BEGIN
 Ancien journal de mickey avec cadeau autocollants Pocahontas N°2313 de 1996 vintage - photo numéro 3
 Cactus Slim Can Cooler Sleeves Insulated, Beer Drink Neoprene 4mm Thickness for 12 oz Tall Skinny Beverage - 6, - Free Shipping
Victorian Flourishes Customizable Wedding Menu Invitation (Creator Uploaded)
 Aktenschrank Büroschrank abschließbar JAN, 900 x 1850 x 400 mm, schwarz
END
BEGIN
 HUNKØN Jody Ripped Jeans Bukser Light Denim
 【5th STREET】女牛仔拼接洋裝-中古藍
END
BEGIN
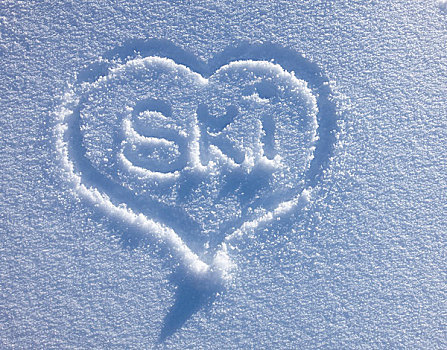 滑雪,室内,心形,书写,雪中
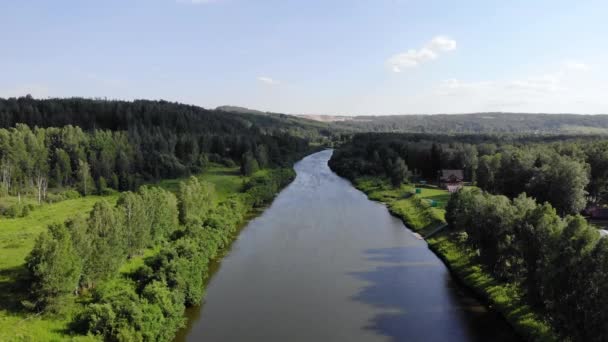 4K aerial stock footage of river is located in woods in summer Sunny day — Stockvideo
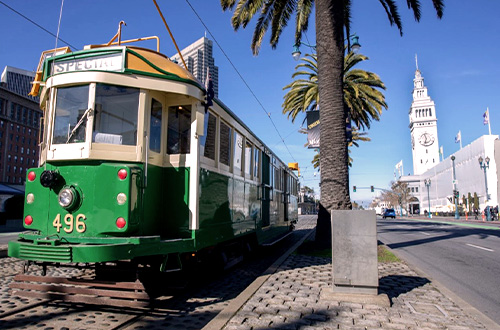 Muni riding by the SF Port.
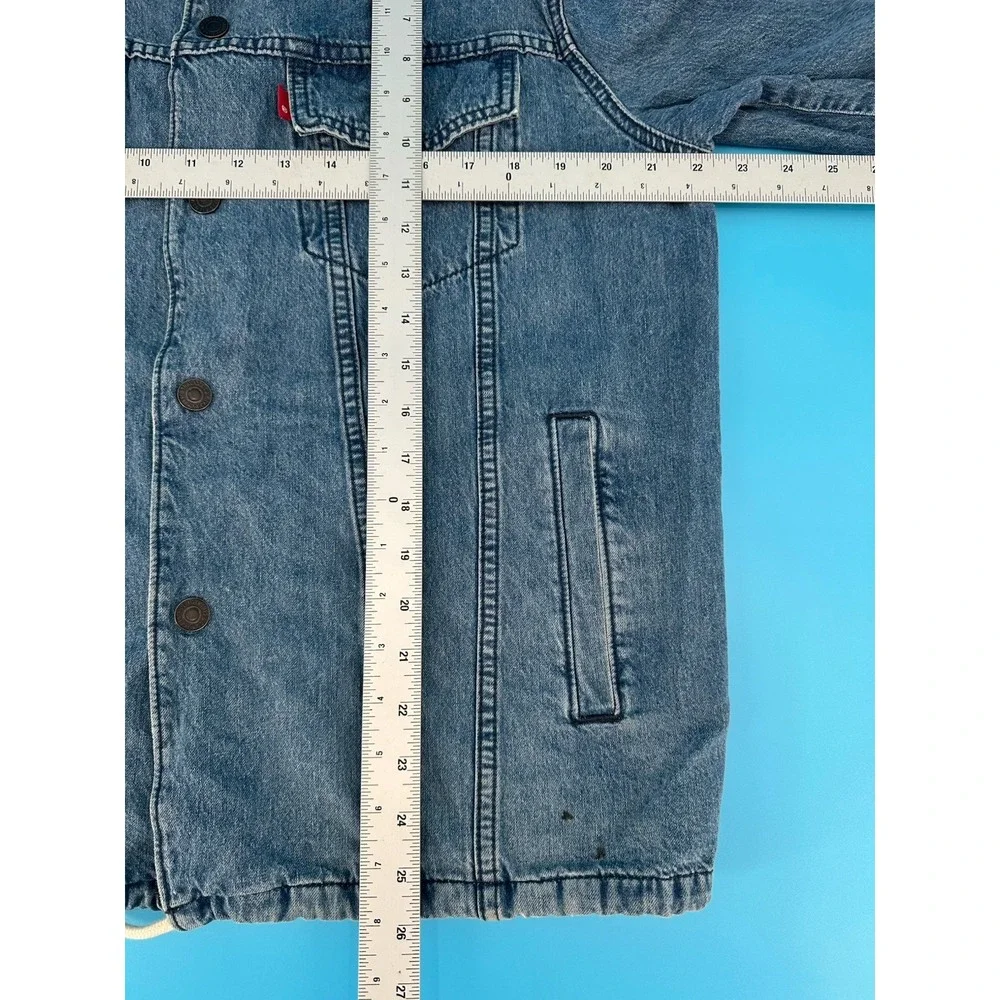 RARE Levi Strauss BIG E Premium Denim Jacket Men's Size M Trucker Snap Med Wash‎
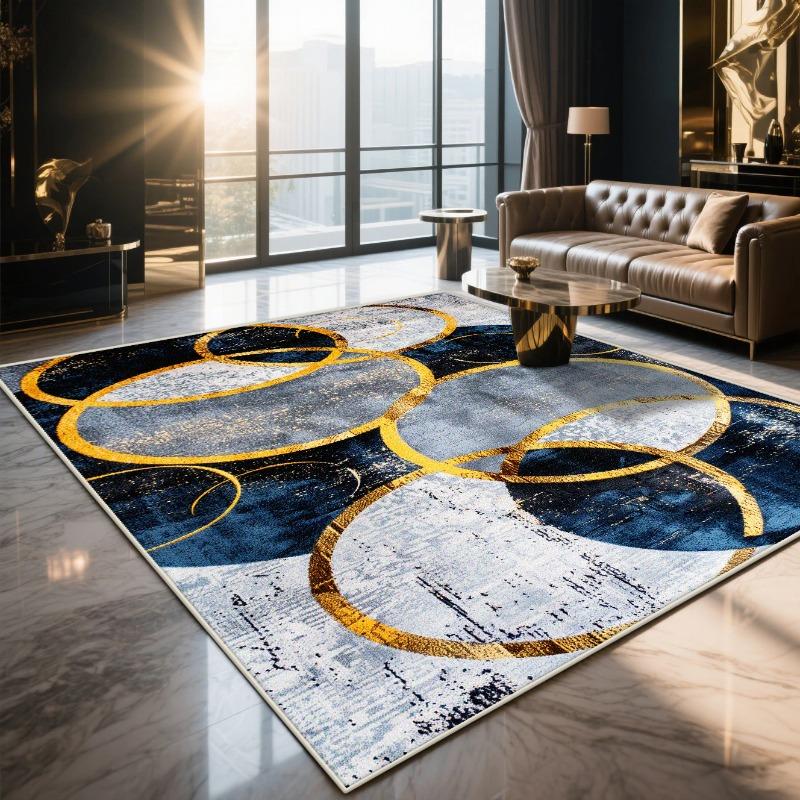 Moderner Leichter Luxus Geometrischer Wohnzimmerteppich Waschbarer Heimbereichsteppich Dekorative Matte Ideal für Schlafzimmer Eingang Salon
END
[GOAL OF THE EXERCISE] When copying from the data above, print only the lines from the line containing "4K aerial stock" to the line containing "Moderner Leichter Luxus", exactly, and leave the pictures out.

[ANSWER SECTION]
 4K aerial stock footage of river is located in woods in summer Sunny day — Stockvideo
 Muni riding by the SF Port.
 RARE Levi Strauss BIG E Premium Denim Jacket Men's Size M Trucker Snap Med Wash‎
 Moderner Leichter Luxus Geometrischer Wohnzimmerteppich Waschbarer Heimbereichsteppich Dekorative Matte Ideal für Schlafzimmer Eingang Salon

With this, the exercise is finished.